Reportage

Plus qu’une histoire de toilettes… La face cachée des WC.

Bonus du tout premier hors-série d’Esprit Autonome sur le thème des toilettes sèches, disponible ici si vous l’avez raté.
Cet article a été écrit à la suite d’un entretien téléphonique avec Christophe Elain, auteur du livre Un petit coin pour soulager la planète, dont l’histoire de l’ouvrage a été présentée dans un premier article que vous pouvez retrouver ici.

Au cours de notre échange qui visait à retracer le parcours de Christophe lorsqu’il a écrit ce livre sur les toilettes sèches, nous avons abordé plusieurs points qui m’ont fait réaliser à quel point cette thématique transversale vient toucher à des paradigmes et des questionnements allant bien au-delà de la construction de TLB (Toilettes à Litière Bio maîtrisée pour les intimes).
Voici donc quelques réflexions en complément. Au programme : des pistes de réponse à la question « pourquoi diable continuons-nous à faire caca dans de l’eau potable ? ». Divisions internes, système dominant et le dégoût des fèces !

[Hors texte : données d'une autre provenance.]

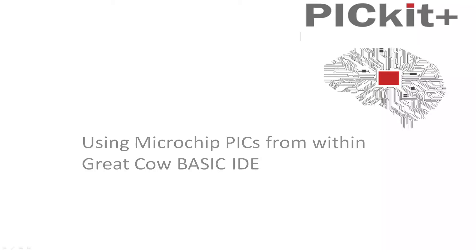Welcome to another PICkit Plus demonstration. Today we're going to be focusing on using the Microchip PICs from within the Great Cow Basic IDE, and it's really focused on those coming from different operating systems and different programmers.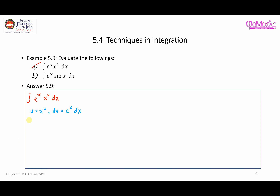Based on that, du/dx is going to be equal to 2x. For dv, if you integrate e to the power of x dx, you find that v is equal to e to the power of x.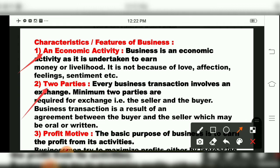Business always involves two parties. Business will not be with one person — minimum two parties are required: buyer and seller. Whenever a seller is there, a buyer will be there. Only a seller or only a buyer is not possible in business. Both are required for business. A business transaction is a result of an agreement between the buyer and the seller, which may be oral or written.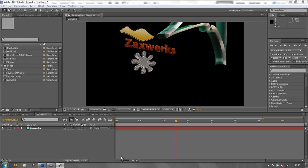Hello and welcome to this final tutorial on extruding 3D text and shapes in After Effects. While doing the last tutorial on Zaxworks and 3D applications, it occurred to me that there is one other option available to someone who has the Production Premium or the Master Suite - they could take advantage of Repoussé in Photoshop and bring in 3D text from Photoshop and animate it in After Effects.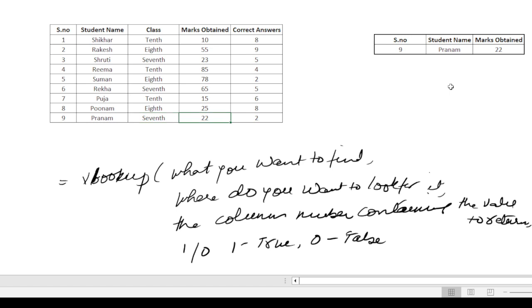So this is all about VLOOKUP. I hope you understood what VLOOKUP is. Please subscribe to my channel. Thank you so much for watching.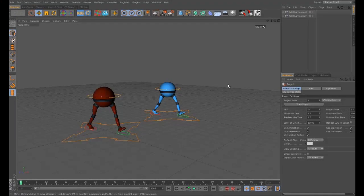In this first video I want to address a question that I see asked very often when people start animating walks. Basically: should we animate the character in place and then move the main controller around to slide the walk around? Or should we animate each step moving forward?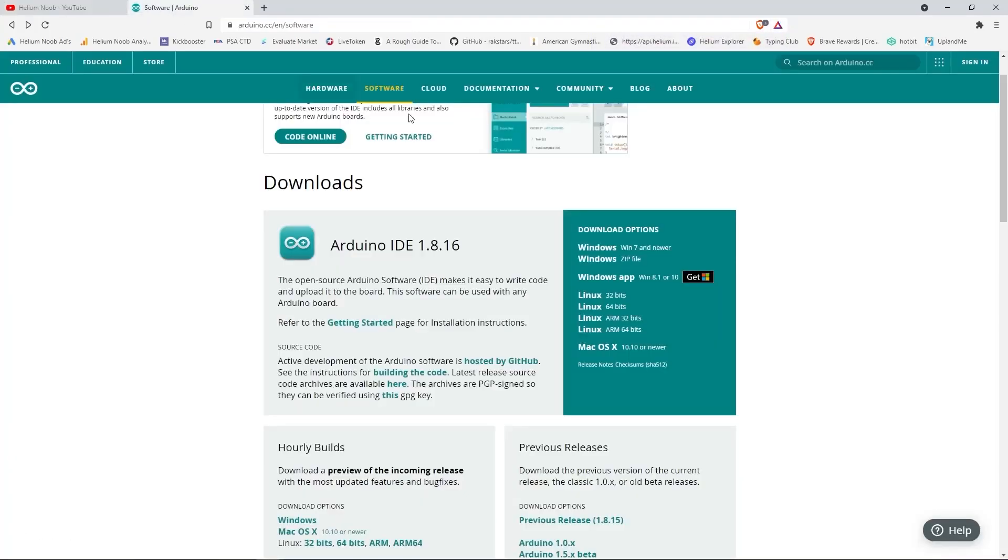Quick word of caution, the Microsoft Store does have a version of Arduino, however we are going to use the full version directly from Arduino's website. I have the link in the description.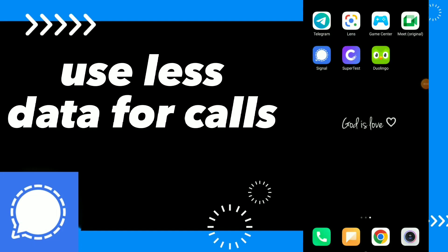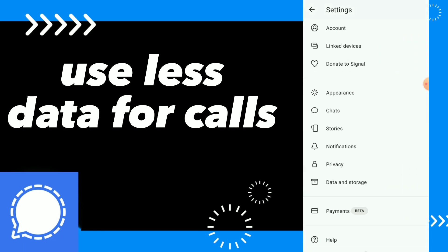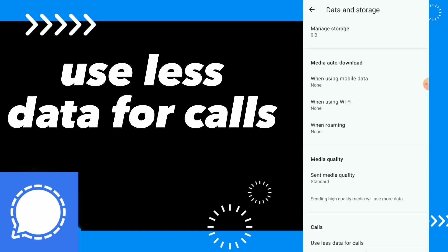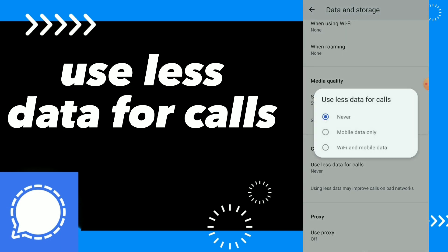How to fix 'Use Less Data for Calls' — hi guys, in this video I will show you how to find this option. Go to your Signal app, click on your profile, and scroll down. You will find 'Data and Storage,' and there you will find the Calls settings, where you will find 'Use Less Data for Calls.' All you need to do is tap on it and choose.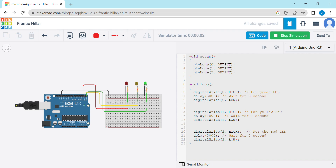So let's start the simulation. This is green, then one second yellow, then red, and then again green, yellow, and red. Thank you.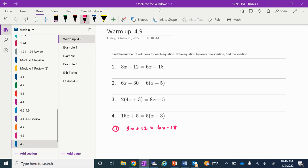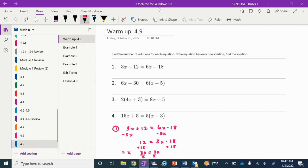Since I have more x's on the right side, I'm going to subtract 3x from both sides. I'm left with 12 equals 3x minus 18. My goal is to get x by itself, so I'm going to add 18 to both sides: 30 equals 3x. Divide both sides by 3, and x equals 10. So for the first problem, x equals 10.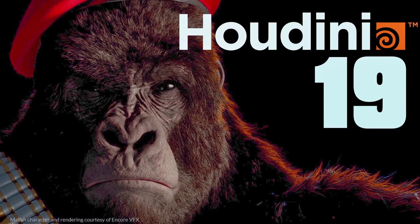Hello ladies and gentlemen, it's Mike here at Game from Scratch, and today we are talking about side effects Houdini, and that is because Houdini 19 was just released.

Dessin extrait du premier hors-série ©Gaëtan Wittamer pour Esprit Autonome

Entre rassemblement et divisions

En 2006 a eu lieu la création de la RAE (Réseau de l’Assainissement Écologique).
Lors des « rencontres intestinales », les plus ferventes défenseuses et défenseurs des toilettes sèches se retrouvent afin de se mettre d’accord sur des plans d’action pour coloniser la planète entière de TLB (bon, j’y vais peut-être un peu fort mais vous voyez l’idée).
Christophe se souvient du grand enthousiasme présent chez la plupart, et évoque également une forme de réserve que ces rencontres lui inspiraient.
En effet, il fut parfois témoin de points de vue défendus avec vigueur voire avec véhémence, allant parfois jusqu’à l’exclusion d’autres façons de voir, créant ainsi des divisions.
=> Un exemple concret : séparer ou ne pas séparer ?
La séparation des urines et des selles fait controverse dans le milieu des toilettes sèches. Certaines personnes affirment que c’est indispensable tandis que d’autres arguent le contraire. C’est un aspect clivant que Christophe regrette, car il amène des « petites guerres » au sein d’un groupe ayant pourtant au départ des motivations communes.
Il remarque que le projet voit alors sa dynamique ralentie de part l’éclatement des personnes qui le portent. D’ailleurs, il semblerait que plusieurs années plus tard, et contrairement aux prédictions optimistes, l’installation des TLB ne soit pas encore (très) répandue. C’est notamment le cas dans le contexte urbain, même s’il y a des améliorations, comme précisé dans le hors-série ;).
Ce que Christophe déplore avec ce genre de positionnement, c’est qu’il omet de prendre en compte l’aspect particulier de chaque situation – en d’autres mots : le contexte. Un biais qu’il est facile de rencontrer lorsque nous sommes persuadé·es que nos croyances prévalent sur celles des autres.
Bon, facile à dire certes, mais comment rester ouverte et ouvert au quotidien lorsque nous sommes convaincu·e que ce serait bien mieux que l’autre fasse autrement ?
Je n’ai pas de réponse, néanmoins j’aime l’idée que de simples toilettes puissent nous amener à nous remettre en question :).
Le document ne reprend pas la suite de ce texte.